My body won’t let me do much, it’s too weak. I go out of it. I wander across the brown grass. James says if I want, I can keep going, the cliff path, the point where it churns white below. There will be no gulls when I go, nothing at all to see. I shake at this. My throat pinches. Daniel’s holding his phone. Watching me, but not trying to stop me, not trying to engage, but I can feel he wants to. I feel but maybe I don’t feel correctly.

‘Órla’s being stubborn,’ he says, ‘she’s coming up too, she set out a little bit after me. I couldn’t get her to wait for you to come back. So, now we’ll wait here. She’s bringing some food, something to eat. Are you hungry? Do you want to wash your face? It’s a bit dirty there.’

‘I thought she was going to wait outside the house, holding the cat,’ I say. I have my eyes closed because it asks less of me.

I hear Daniel laugh, gently. I listen to the crackling fire. Wind outside now. I think of the gully in the wind, cliffs like the cliffs I had run to in the city. I am called to go. I think I am called to go. This is no place, right here. I think, ‘It’s a matter of opening the door and bolting for the edge to go right off it. You can.’ Then I think, ‘Who wants you to do that?’ And the question horrifies.
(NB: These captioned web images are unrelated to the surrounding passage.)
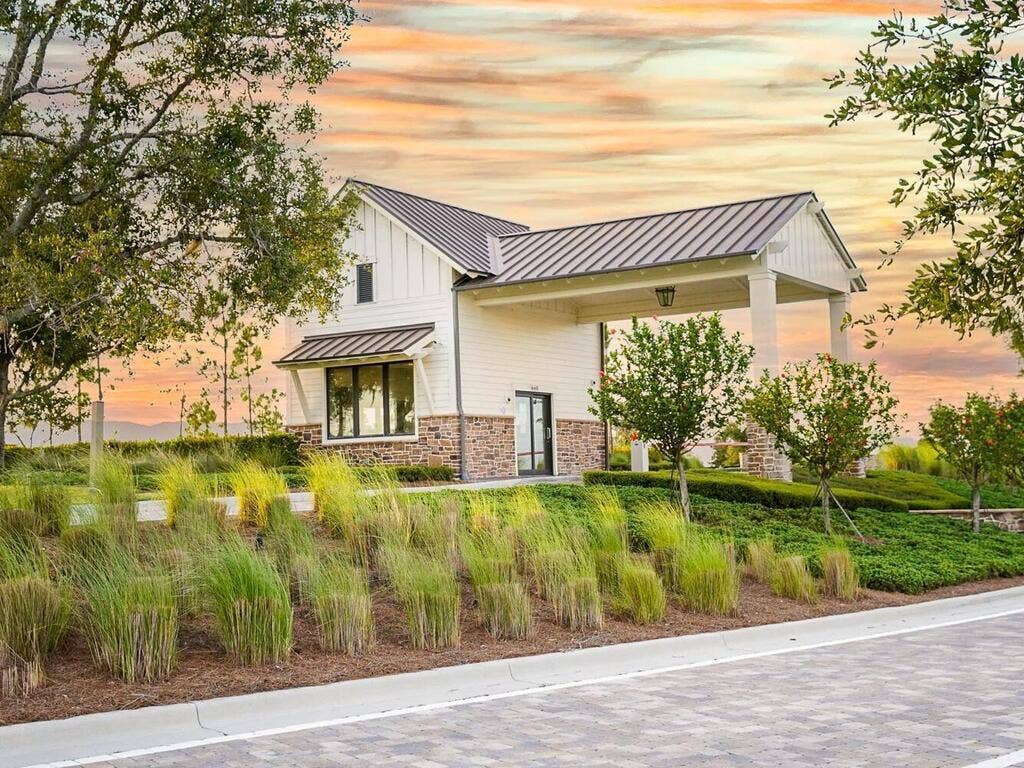 1342 Harvester Crossing-040-044-arden ga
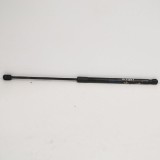 Amortizor haion dreapta SKODA YETI 5L 2014 OEM: 5L6827550 1657401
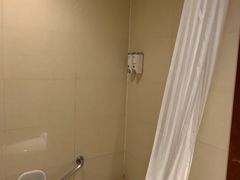 -扬子岛酒店(重庆洪崖洞解放碑店)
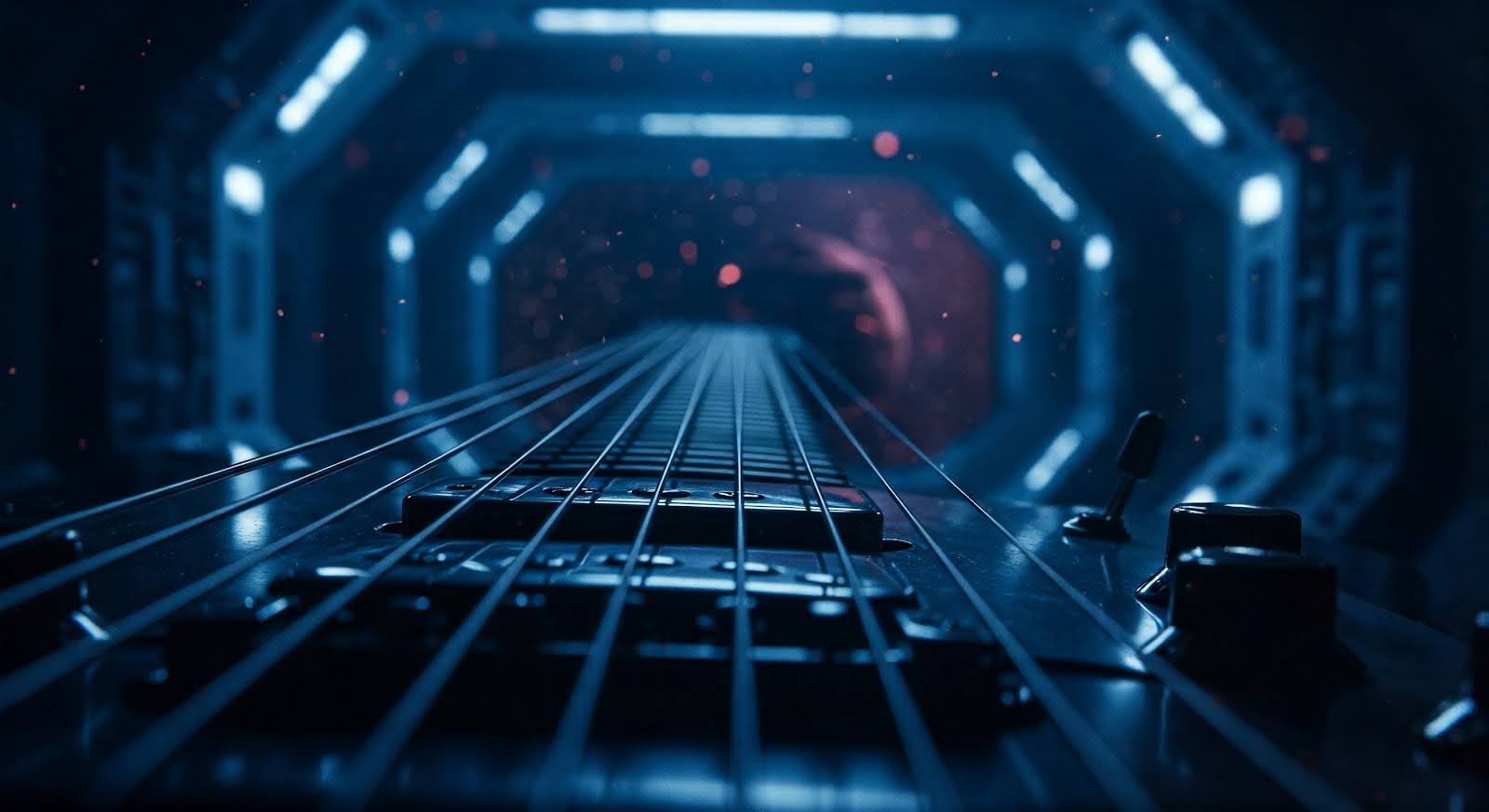 Presets for Quanta - Strung Granular vol1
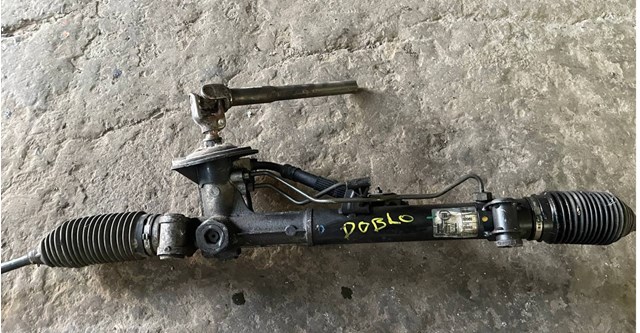 00518544190 Fiat/Alfa/Lancia 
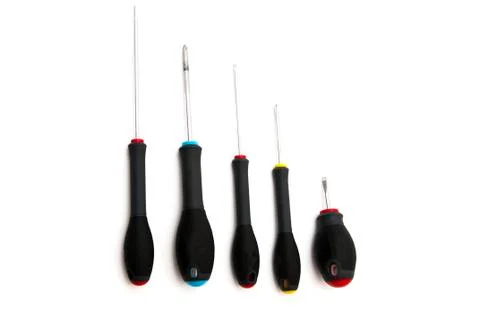 Toolkit 写真素材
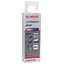 HSS Twist Drill Bit PointTeQ 1/8", 10 pcs. thumbnail 2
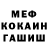 ТГК концентрат Mikhail Huryeu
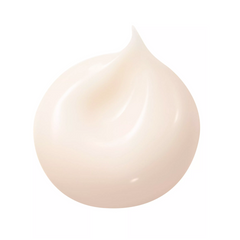 Kem Dưỡng Ẩm Clé De Peau Beauté Synactif Cream 40g - Giảm Nếp Nhăn, Tăng Cường Độ Sáng Rạng Rỡ Cho Da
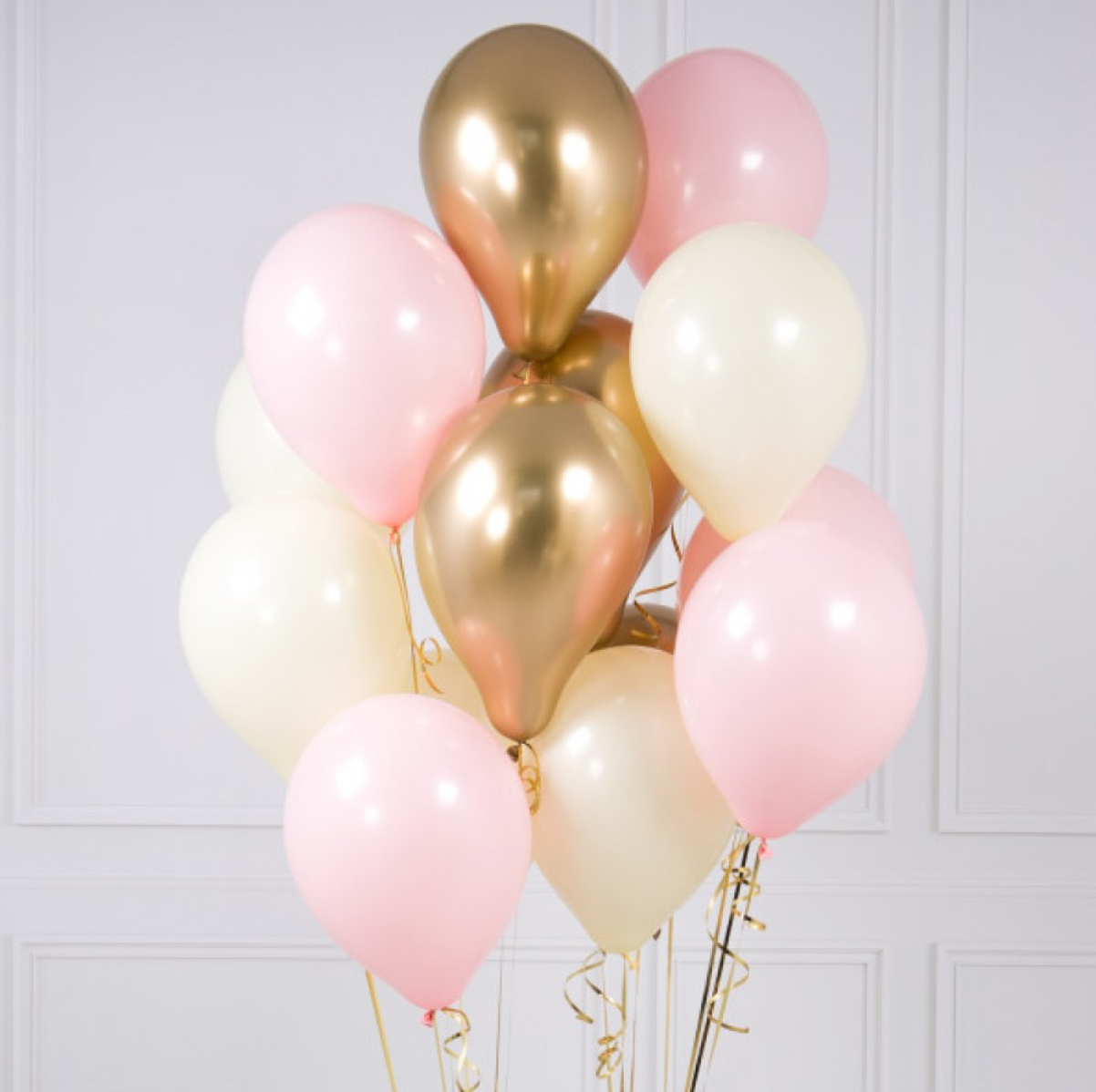 Prodavnica balona Novi Sad Prodavnica balona Beograd. Шары с гелием, фотозоны Нови Сад Белград. Balone i dekoracije od balona Novi Sad Beograd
There’s Daniel, knitting. No, not knitting. He’s removing the back of his phone. He’s removing pieces of paper from a book and folding them up into boats. He’s surrounded by paper boats. The ends of his trousers are cuffed, and around his black firelit boots a fleet of boats are sailing. In his focus he looks so calm I sob. He looks up. I put my face back down under my head there is smooth fabric.
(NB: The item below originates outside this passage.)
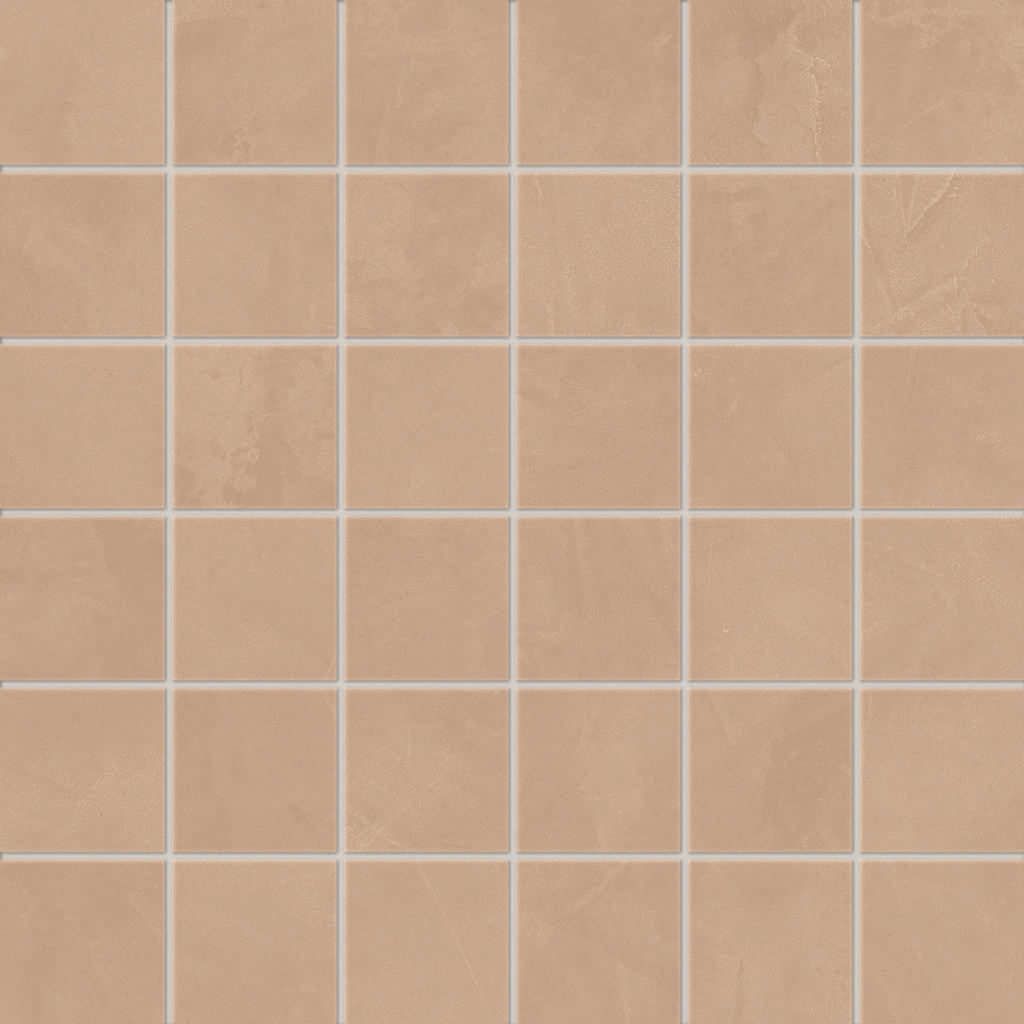 Пол / керамогранит с эффектом смолы Ceramiche Caesar Join ARCH-00055253 - Вид №21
‘My jacket,’ he says. ‘I used to go hiking, I used to go off and camp on my own all the time on the side of mountains. I haven’t for ages and I don’t know why.’

‘Because a room swallowed you, and a machine. And the story you fed to the machine,’ I said.

I expect him to ask me questions, but he doesn’t. He only looks like he is thinking and returns to his phone. I want him to ask me questions about myself, but he doesn’t. I sit, nothing to do. If he asked me a question, anything at all, it would prove – something. That I really existed. That was it. I want to exist so badly, and I only do if other people confirm it. Otherwise. Otherwise. Only I exist.

I hear a car. It’s Órla. Surely Órla and Badr. And Mrs Boobs. I try or something in me tries to remember why I went. James. I, or something in me that is James, remembers James, standing holding a lantern. James’ battered shoe. I remember also a shoe on a roadside. I stooped to pick it up. A piece of glass. Life scatters everywhere. I want to hold it together. Force it to make sense. But I am tired again, and what if it won’t? What could happen to me. I don’t think I care. I get up and go to the door.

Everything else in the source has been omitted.